En la sala vecina se oyeron voces de los jefes. Todo quedó en silencio, y a continuación entró uno de ellos, con dos soldados de la escolta. Era el recuento. El jefe contaba a todos señalando a cada uno con el dedo. Cuando le llegó la vez a Nejliúdov, le dijo con expresión bondadosa y familiar:
—Ahora, príncipe, ya no puede quedarse después del recuento. Hay que marcharse.
Nejliúdov sabía lo que esto significaba, se le acercó y le metió tres rublos que tenía preparados.
—¡Bueno, qué vamos a hacer con usted!

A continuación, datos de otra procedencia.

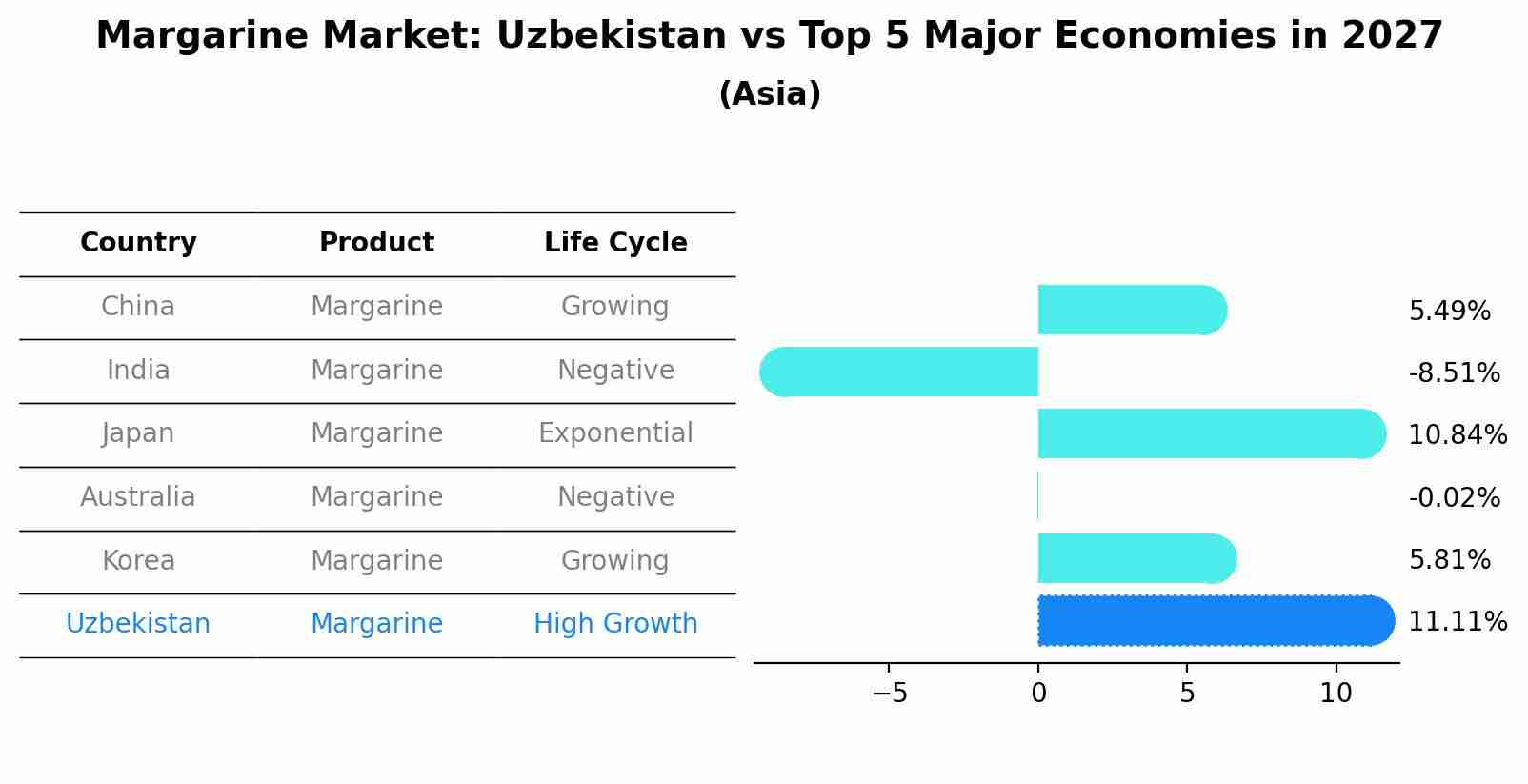 Margarine Market: Uzbekistan vs Top 5 Major Economies in 2027 (Asia)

Quédese otro poquito.
El jefe quería marcharse cuando entró otro suboficial y detrás de él un preso alto, delgado, con un ojo amoratado y barba rala.
—Vengo por la niña —dijo el preso.
—¡Ha venido papá! —se oyó de pronto una sonora voz infantil, y la niña rubia apareció junto a Rántseva, que, en unión de María Pávlovna y Katiusha, cosía un vestido nuevo a la niña de una falda suya.
—Sí, hija, soy yo —decía cariñosamente Buzovkin.
—Ella está bien aquí —dijo María Pávlovna, mirando con pena la cara magullada de Buzovkin—. Déjala con nosotros.